What lines of the data below hold the string "Used"? Copy each one out.

----

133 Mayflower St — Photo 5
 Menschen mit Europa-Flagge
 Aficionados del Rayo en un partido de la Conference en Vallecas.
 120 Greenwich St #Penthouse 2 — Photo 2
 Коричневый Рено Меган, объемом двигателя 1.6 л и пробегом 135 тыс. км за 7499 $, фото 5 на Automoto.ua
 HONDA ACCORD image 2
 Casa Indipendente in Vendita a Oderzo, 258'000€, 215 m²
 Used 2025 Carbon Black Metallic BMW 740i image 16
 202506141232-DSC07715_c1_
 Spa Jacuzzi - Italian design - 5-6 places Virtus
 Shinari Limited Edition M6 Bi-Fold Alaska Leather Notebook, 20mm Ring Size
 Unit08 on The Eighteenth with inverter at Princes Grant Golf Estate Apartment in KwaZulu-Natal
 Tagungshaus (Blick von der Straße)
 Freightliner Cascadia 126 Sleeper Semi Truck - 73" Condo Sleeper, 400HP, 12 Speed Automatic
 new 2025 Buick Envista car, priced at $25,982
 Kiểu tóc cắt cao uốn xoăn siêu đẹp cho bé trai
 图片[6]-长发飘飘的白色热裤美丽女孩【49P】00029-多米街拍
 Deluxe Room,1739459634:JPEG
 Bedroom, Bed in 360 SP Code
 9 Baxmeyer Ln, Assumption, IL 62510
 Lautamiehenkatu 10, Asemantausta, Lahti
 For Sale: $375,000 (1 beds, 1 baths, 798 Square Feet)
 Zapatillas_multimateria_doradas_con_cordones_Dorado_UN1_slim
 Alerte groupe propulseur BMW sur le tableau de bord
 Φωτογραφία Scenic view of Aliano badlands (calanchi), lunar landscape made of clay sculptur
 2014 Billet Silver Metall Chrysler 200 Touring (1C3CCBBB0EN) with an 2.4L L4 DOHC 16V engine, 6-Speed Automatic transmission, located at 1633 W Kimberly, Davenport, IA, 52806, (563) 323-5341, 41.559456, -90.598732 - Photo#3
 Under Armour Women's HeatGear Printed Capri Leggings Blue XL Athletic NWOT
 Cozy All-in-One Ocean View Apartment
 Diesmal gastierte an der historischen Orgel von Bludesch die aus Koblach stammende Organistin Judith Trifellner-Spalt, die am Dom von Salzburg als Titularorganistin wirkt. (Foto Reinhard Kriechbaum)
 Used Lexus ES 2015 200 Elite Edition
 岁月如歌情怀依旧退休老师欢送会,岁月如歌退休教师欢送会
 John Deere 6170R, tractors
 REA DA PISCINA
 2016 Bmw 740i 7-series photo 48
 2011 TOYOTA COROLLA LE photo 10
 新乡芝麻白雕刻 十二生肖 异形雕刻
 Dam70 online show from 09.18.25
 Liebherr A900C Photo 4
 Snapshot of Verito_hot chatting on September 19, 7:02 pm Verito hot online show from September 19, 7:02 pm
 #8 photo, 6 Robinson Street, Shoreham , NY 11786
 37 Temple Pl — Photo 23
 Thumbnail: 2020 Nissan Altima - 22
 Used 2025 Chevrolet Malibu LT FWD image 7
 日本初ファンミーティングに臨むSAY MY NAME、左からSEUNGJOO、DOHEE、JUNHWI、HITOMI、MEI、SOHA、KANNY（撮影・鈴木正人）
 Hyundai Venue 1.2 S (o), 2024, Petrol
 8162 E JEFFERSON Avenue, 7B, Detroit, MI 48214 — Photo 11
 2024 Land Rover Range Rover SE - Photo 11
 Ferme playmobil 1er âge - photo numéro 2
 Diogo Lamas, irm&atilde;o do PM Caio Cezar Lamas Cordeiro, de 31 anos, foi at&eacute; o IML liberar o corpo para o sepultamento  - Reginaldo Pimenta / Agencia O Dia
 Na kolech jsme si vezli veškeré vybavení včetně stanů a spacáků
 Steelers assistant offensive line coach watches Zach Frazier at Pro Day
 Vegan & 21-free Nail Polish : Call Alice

----

• [Answer for the task]
 Used 2025 Carbon Black Metallic BMW 740i image 16
 Used Lexus ES 2015 200 Elite Edition
 Used 2025 Chevrolet Malibu LT FWD image 7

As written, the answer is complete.